We’re about four months into 2016 where New Year’s Resolution deaths tend to spike, so I wanted to encourage you with a story:
Some time ago, I made a New Year’s Resolution to start smoking. Don’t ask. I was in college and at the time, it made sense. I executed this resolution within 3 hours of midnight and held on to it for many years.
I haven’t made a real resolution since.
Until 2016. This year, I resolved to write a poem every day for the entire year. I studied creative writing in college and I have been published in multiple journals and periodicals.
Have you ever heard stories about people who see music? I see poetry. I stare from the passenger window at the group of high school kids crossing the street and see swirling colors, smoke and dust wrapping them like translucent blankets. And, I want to write about it.

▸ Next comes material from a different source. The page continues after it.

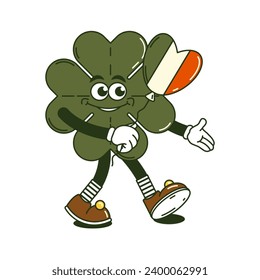 Happy Saint Patricks Day retro sticker. Funky groovy cartoon character walking clover with four leaf. Vintage funny mascot patch psychedelic smile and emotion. Comic trendy vector illustration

I started strong. Daily, I put words down. They were, by and large, not good, but they were there. Like exercising, I knew practice would build muscle and sharpen the saw. I focused on my feelings and my response to the world around me. I embraced discomfort and excitement alike. I opened myself up to moments of vulnerability and it felt wonderful.
Then, I missed a day.
And just like that, all that I relished about my resolution hung like an albatross stinking up the room. No one smelled it but me.
Too many real-life responsibilities took center stage and writing was written off. Here I am, too many days into the year, and giving up. Or am I?
No. Instead, I am giving up on the idea that writing daily is an all-or-nothing gig. I am giving up on the self-imposed rigor that amounted to more regret than success. To write is to write. I won’t wait for fickle inspiration. I will not succumb to the fallacy that writing every day is the only answer. I will, however, write. Maybe it will only amount to 298 poems, but that’s still a helluva lot.
In my day to day role at FoxFuel, I don’t spend all day working on a singular client. I have to let go, switch focus, and jump right into the stream of a different job. A rush of cold water and mild panic embodies the pace of work, but I can’t afford to fret about the work left undone. I come back to it later after giving all my work proper attention. Nothing is written off or left undone.
Whatever your work stream, whatever your resolution, whatever your current status—pick it back up. Maybe it hurts in the beginning, but imagine how it will feel to run through the tape at the end. Resolve this year to finish what you started.